室田一雄 教授 「離散凸解析が広範な分野に広がる」という直観は確かだった。電気回路、オペレーションズ・リサーチ、ゲーム理論、数理経済学、生物系統学などが共通の論理に則っていることを示すことができたからだ。電気回路理論と数理経済学はまったく違う対象(モノ)を扱うが、モノを支えている論理を数式に置き換えると、共通していることがわかる。数学のおもしろいところだ。「論理を通じて別の世界に技術移転が可能な理論を提供できれば、数理工学研究者としては夢が叶うことなんです」

 現在は、より明確な理論の構築と、多くの研究者にその良さを伝える仕事に力を注いでいる。連続最適化の世界は凸解析という軸で固まっているが、離散凸はすそ野すらまだできていない。電気回路やオペレーションズ・リサーチにしても、解けるのは離散凸に近い構造だけで、その外側にある解けない問題がたくさんある。解けない問題に対しても、何らかの貢献をしたいというのが教授の本音だ。そのために、昨年末に『離散凸解析の考えかた』という書を上梓したばかり。「やさしくまとめたつもりですが、“ああ、そうか”と理解を示してくれる人、“ややこしいだけじゃないか”という人もいて」と笑う。
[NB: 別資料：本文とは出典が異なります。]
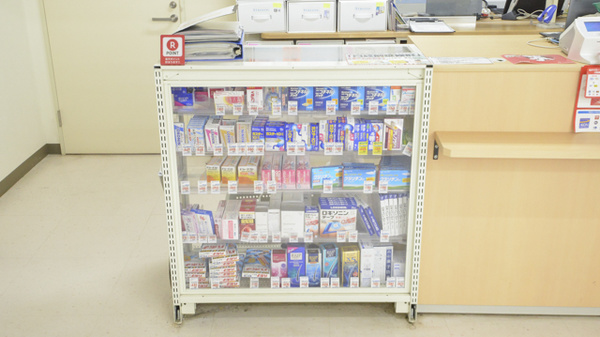 調剤薬局ツルハドラッグ網走北店の一般医薬品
離散凸理論の伝道師としての活動がカギを握るのは、間違いない。

 室田教授は、おもしろいと思うことには熱中するタイプ。でも、ゲームをするよりも、ゲームをつくるほうが性に合っていると言う。「未解決問題を解くのは好きじゃない。誰かがつくったゲームに参加するのは嫌なんです。人が決めたレールの上を走れといわれているようで」。工学と理学の2つの顔(博士号)を持っているのも、こうした気質からなのかもしれない。いまは、最適化―離散凸解析を中心に、数値解析法や群論的分岐理論の工学的応用などの研究も展開している。次の研究テーマはと問うと、まったく違った分野を標的にする可能性もあると即答。理論の世界で画期的といわれるテーマは狙い撃ちで出てくるものではない。視野を広げて違う分野で何が起きているかを常にウオッチしておくことが不可欠と説く。どうやら、次の柱も数理の魅力をアピールするものになりそうな予感―である。